Recurrent early (pre-embryonic or embryonic) miscarriage: Despite the general recommendation of combined therapy with aspirin and heparin for all women with obstetric APS, data from observational studies in this subgroup of women have reported 79% to 100% pregnancy success rates with low-dose aspirin.25 Therefore, the option of monotherapy with aspirin may be a valid option in selected cases within the subgroup of women with recurrent early miscarriages.
Fetal death (>10 weeks’ gestation) or prior early delivery (<34 weeks’ gestation) due to severe pre-eclampsia or placental insufficiency: Combination therapy with aspirin and heparin in this category of patients is recommended. Aspirin is best started before conception, and then unfractionated heparin or low–molecular weight heparin (LMWH) can be given once pregnancy has been confirmed.25
Antiphospholipid syndrome with thrombosis: In patients with APS who have suffered a previous thrombosis, low-dose aspirin and therapeutic dose heparin or LMWH at anticoagulant doses are recommended.25 The change from warfarin to heparin should be achieved prior to six weeks’ gestation to avoid exposing the mother to the potential teratogenic effects of vitamin K-antagonists.

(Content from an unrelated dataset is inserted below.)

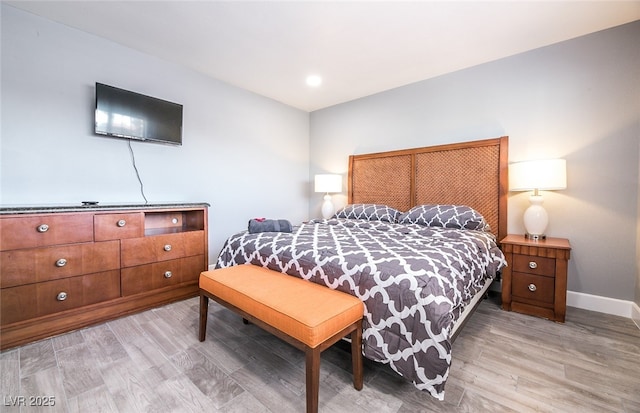 bedroom with light wood-type flooring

Postpartum period: Heparin should be continued intrapartum and postpartum until the patient is ready to start therapy with vitamin K-antagonists. Both warfarin and subcutaneous heparin are compatible with breastfeeding. Antithrombotic coverage of the postpartum period is also recommended in women with aPLs who have not had a previous thrombosis. Prophylactic-dose heparin or LMWH is recommended. The duration is variable, ranging from one to six weeks, and should be tailored according to the presence of additional risk factors.
Novel Oral Anticoagulants
The novel oral anticoagulants, dabigatran etexilate and rivaroxaban, are rapidly absorbed and have been shown to be effective in the management of venous thromboembolism. They may be considered as potential new therapies for the management of thrombosis in APS without the need for laboratory monitoring.26,27 A clinical trial with rivaroxaban is currently underway to elucidate its safety and efficacy in the prevention of thrombosis in APS.28
Statins
The recent consensus guidelines advocate the use of statins as adjuvant therapy. This rationale is based on their pleiotropic effects; in addition to lowering lipid levels, they also have antiinflammatory and antithrombotic effects.17,29 For example, a recent study by Lopez-Pedrera et al revealed that fluvastatin modulates a chain of events involving the downregulation of tissue factors, adhesion molecules, and downstream signaling and transcription factors in monocytes.30 This may attenuate the procoagulant state seen in APS.
Hydroxychloroquine
Hydroxychloroquine (HCQ) is an antimalarial drug commonly used in the management of SLE due to its antiinflammatory and antithrombogenic properties. The consensus guidelines recommend the use of HCQ as an alternative treatment modality in patients with recurrent APS.17
Rituximab
Rituximab is a CD-20 monoclonal antibody commonly used in the treatment of rheumatoid arthritis. In a recent uncontrolled and nonrandomized pilot study to evaluate the safety of rituximab in aPL-positive patients with non-criteria manifestations of APS, Erkan et al suggested that the safety of rituximab in aPL-positive patients is consistent with the general safety profile of this drug.31 Despite the lack of observing any substantial change in aPL profiles, rituximab may be effective in controlling some, but not all, non-criteria manifestations of APS.
Conclusion
Since its first description three decades ago, APS is now recognized as a common autoimmune disorder, linking immunology with thrombovascular disease. Ongoing research into the pathogenesis, diagnosis, and management of APS has significantly contributed to the understanding of this syndrome, and introduced the concept that some individuals with connective tissue diseases require anticoagulation, rather than steroids or antiinflammatory treatments.